Le secret d’une bonne écoute clandestine est…

Ce fut une décision judicieuse de la part de Mark : dès que mes mains furent libérées, j’enfonçai une dans ses cheveux noirs et bouclés, relevai son visage vers le mien et l’embrassai passionnément, tandis que l’autre s’enfonçait effrontément dans son caleçon, mes doigts s’enroulant autour de son membre raide ; du moins, ils essayaient, car Mark me paraissait terriblement imposant comparé à celui de mon mari ! Mes cuisses, désormais libres, s’écartèrent sans hésiter, permettant aux doigts de Mark de glisser facilement dans mon passage bien lubrifié ; un second mouvement de hanches, accompagné d’un « Oh mon Dieu, oui ! » suppliant, suffit à l’exciter suffisamment pour que sa pénétration suivante soit plus forte et plus profonde que la première. J’étais en feu ! Sans penser ni à mon mari dévoué ni à ma fille adorée, j’étais à deux doigts d’arracher le caleçon de Mark ; je voulais cette grosse bite en moi et je la voulais MAINTENANT !
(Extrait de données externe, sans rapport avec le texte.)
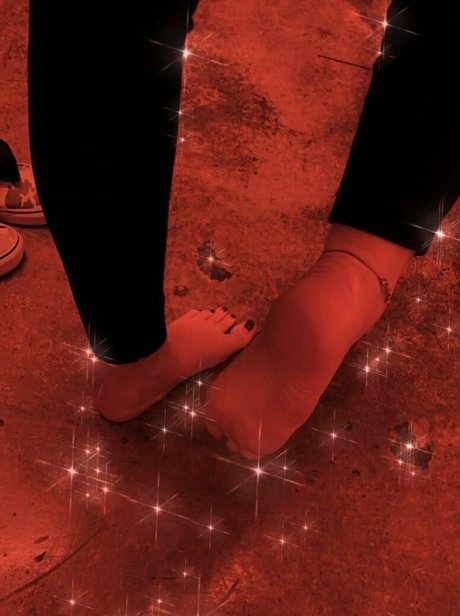 feet goddezz pretty pornstar img
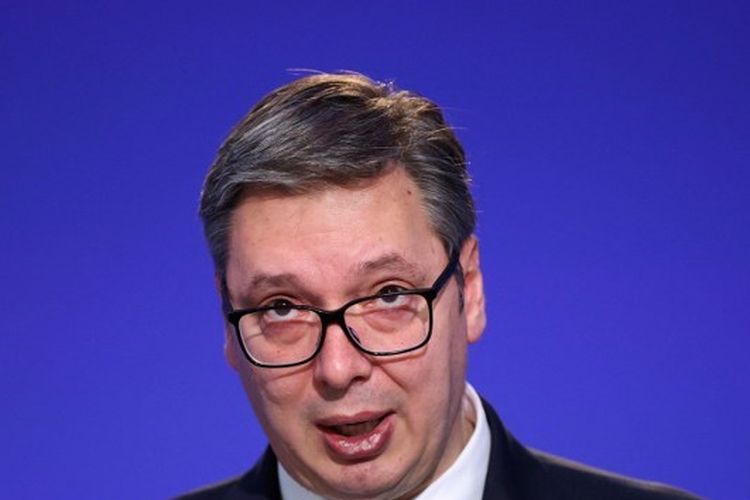 Presiden Serbia Aleksandar Vucic membuat pernyataan nasional pada hari kedua KTT Iklim PBB COP26 di Glasgow pada 2 November 2021. Presiden Serbia Aleksandar Vucic mengundurkan diri sebagai pemimpin partainya pada 27 Mei 2023, setelah lebih dari satu dekade memimpin, tetapi dia secara luas diperkirakan akan tetap menjadi tokoh politik paling kuat di negara Balkan.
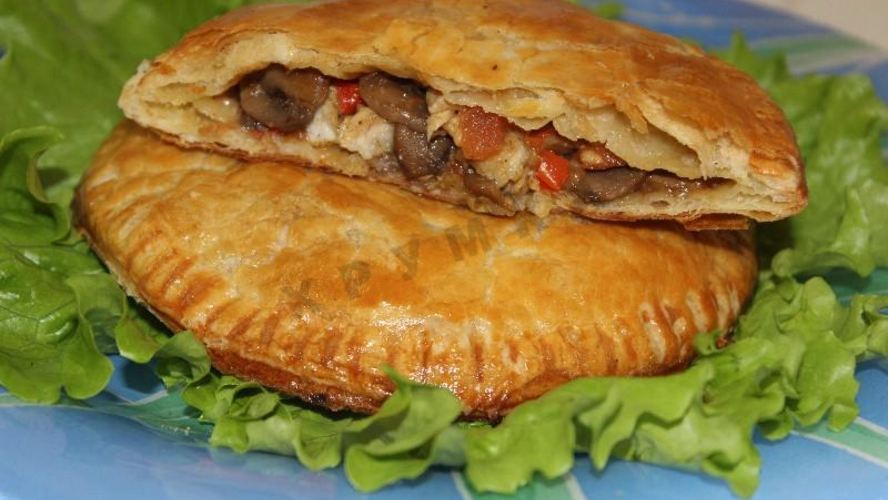 Рецепт слоек из слоеного теста с мясом панама-мама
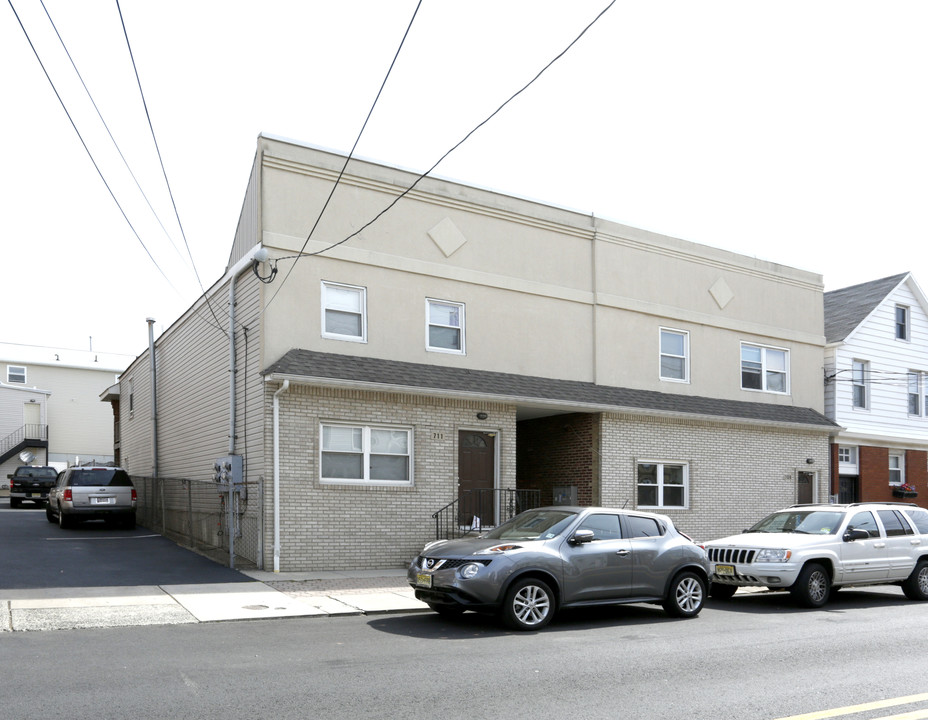 709-711 3rd Ave in Elizabeth, NJ - Building Photo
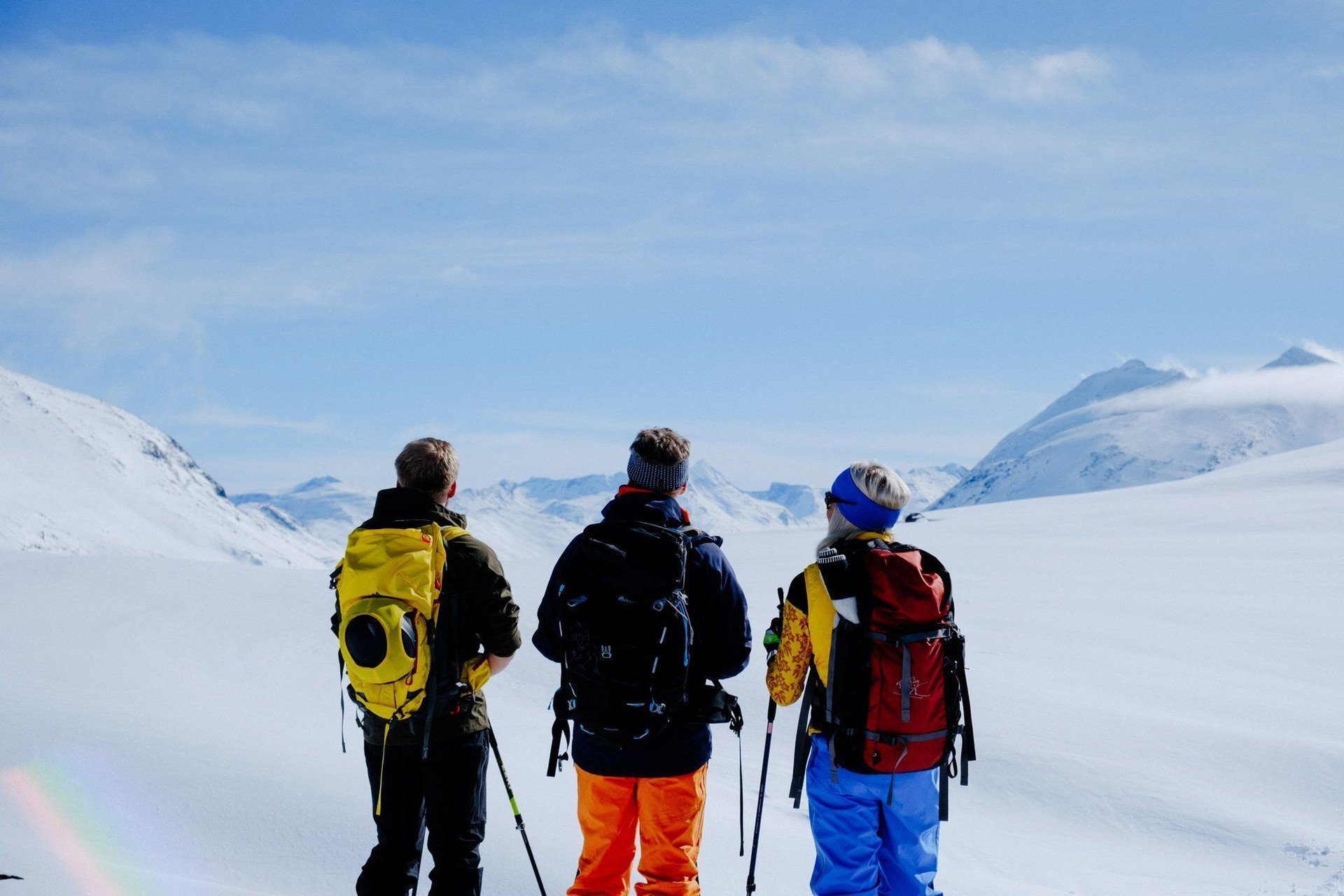 Skieurs de randonnée sur un plateau enneigé - Leirvassbu - Jotunheimen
Je suppose que Mark était aussi impatient que moi lorsqu’il a rapidement soulevé ses hanches et s’est penché pour écarter ce caleçon qui le gênait, même s’il cherchait peut-être simplement à le protéger de la destruction inévitable causée par mon propre assaut frénétique ; comment aurait-il expliqué cela à Julie ? J’écartais les jambes de manière invitante et, de ma main droite libre, je tirais Mark sur moi tandis qu’il reprenait son souffle. Son sexe rigide toujours fermement serré dans ma main gauche, je le guidais vers mon sexe avide dès qu’il fut là, accueillant sa glorieuse pénétration un instant plus tard. Les grognements primitifs de plaisir que nous avons poussés simultanément à cet instant ont exprimé le désir brûlant qui avait grandi en nous durant la nuit précédente. Le mien s’est rapidement transformé en un cri orgasmique lorsque j’ai atteint l’apogée dont j’avais tant besoin ; Mark, Dieu merci — ou peut-être grâce aux attentions de Julie la veille ? — s’est montré bien plus capable de se maîtriser.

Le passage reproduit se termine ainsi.